Source data:

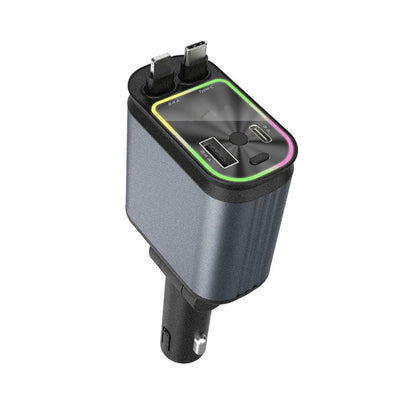 4X Retractable Car Charger for Multiple Devices PD 66W Fast Charging 12-24V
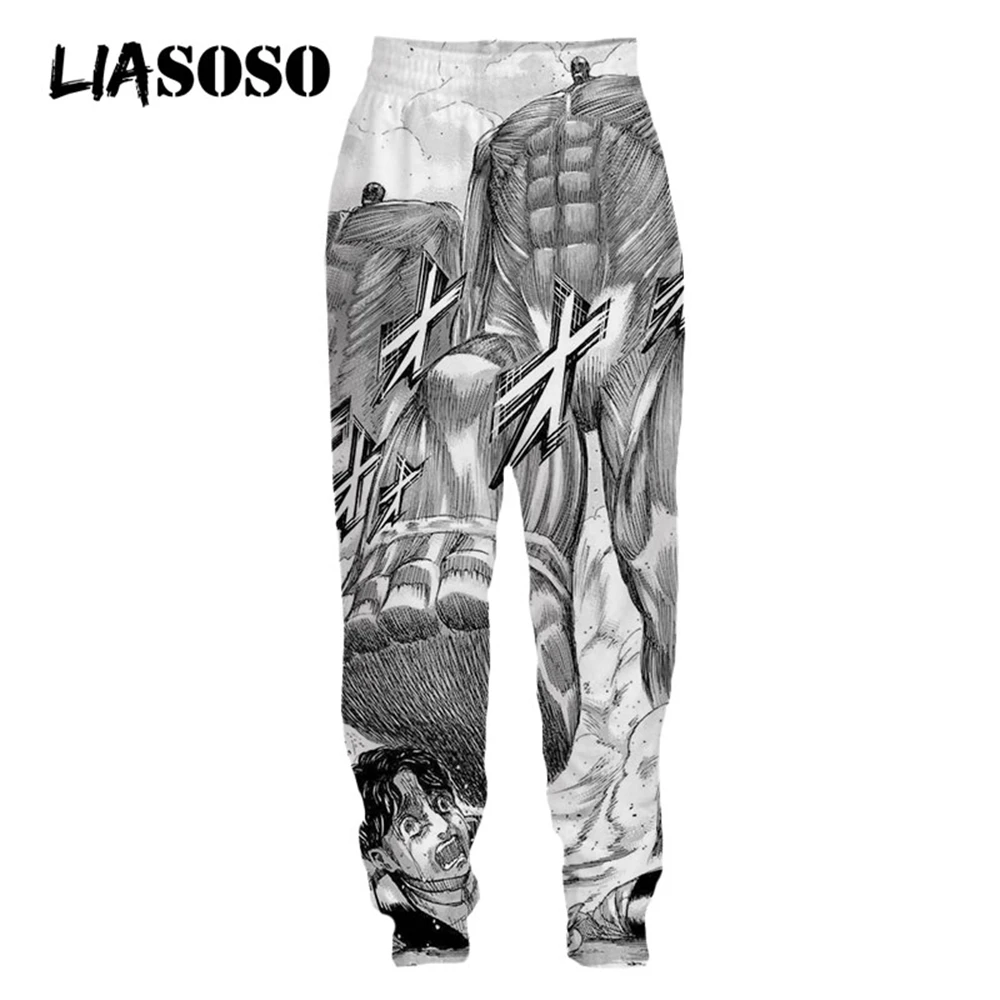 

LIASOSO 3D Print Manga Attack on Titan Manhwa Sweatpants Men Women Plus Size Trousers Anime Harajuku Casual Cool Jogging Pants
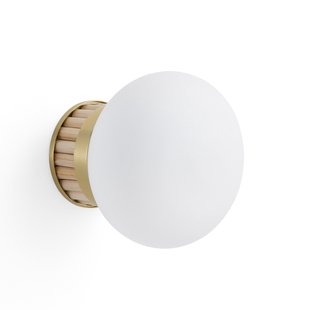Wandlamp in messing, bamboe en opaline glas, Dolce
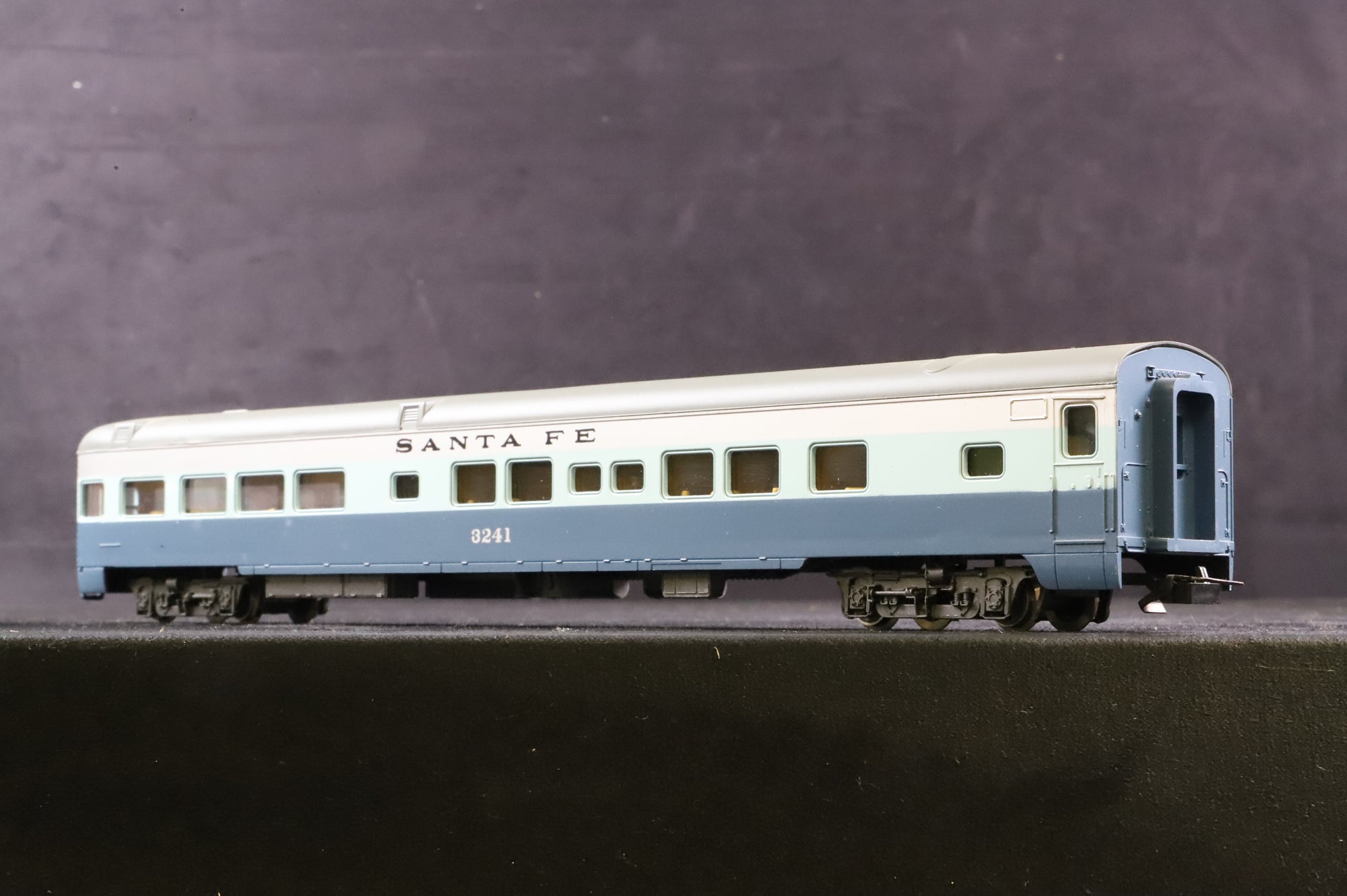 Rivarossi HO Rake of 3 Blue/Grey Santa Fe Coaches, Inc. 2635 & 2 x 2634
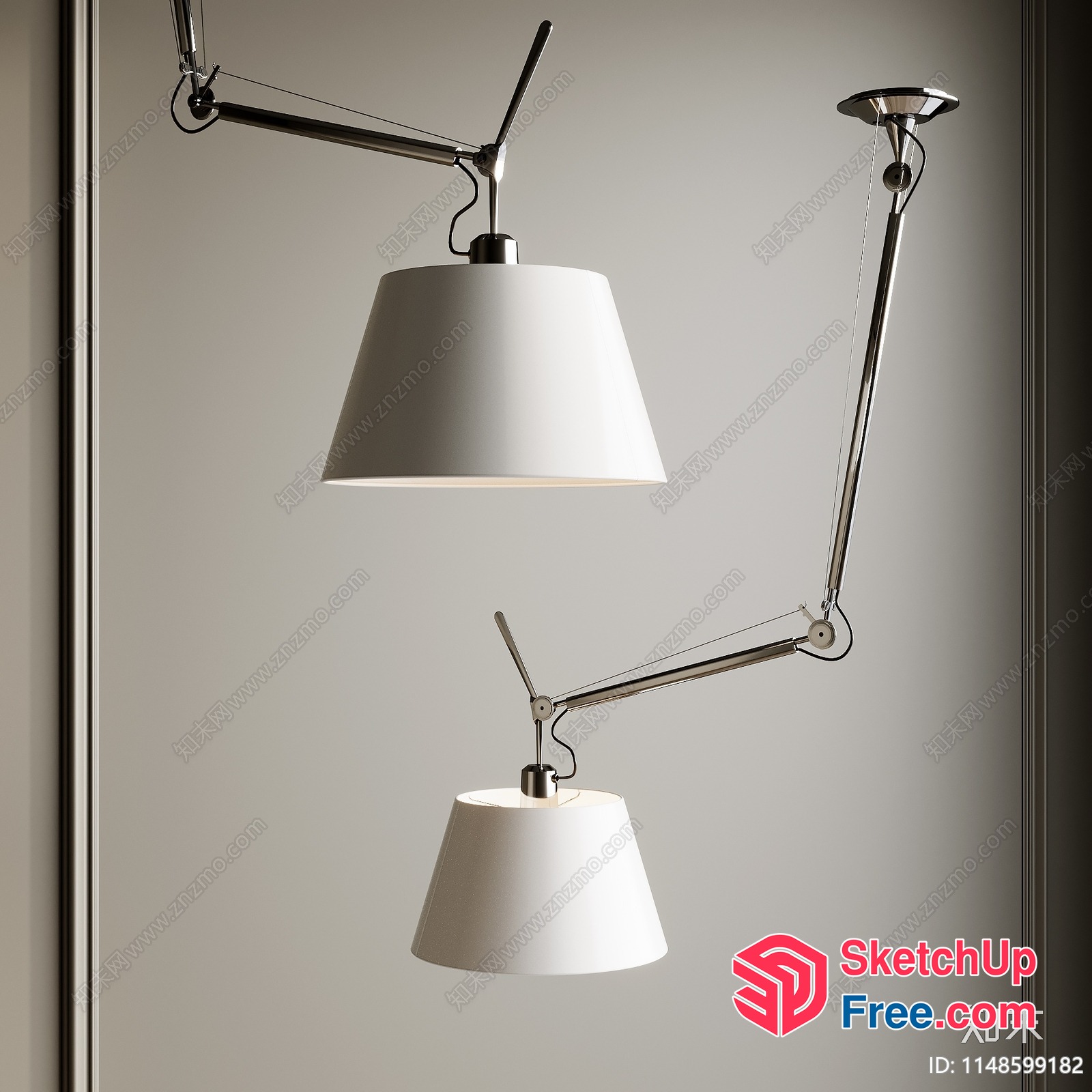 Two Suspended Lamps With Adjustable Arms 3D SketchUp File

What needs to be done: Go through the data above and transcribe it in full, omitting any image.

Task response:
 4X Retractable Car Charger for Multiple Devices PD 66W Fast Charging 12-24V

LIASOSO 3D Print Manga Attack on Titan Manhwa Sweatpants Men Women Plus Size Trousers Anime Harajuku Casual Cool Jogging Pants
Wandlamp in messing, bamboe en opaline glas, Dolce
 Rivarossi HO Rake of 3 Blue/Grey Santa Fe Coaches, Inc. 2635 & 2 x 2634
 Two Suspended Lamps With Adjustable Arms 3D SketchUp File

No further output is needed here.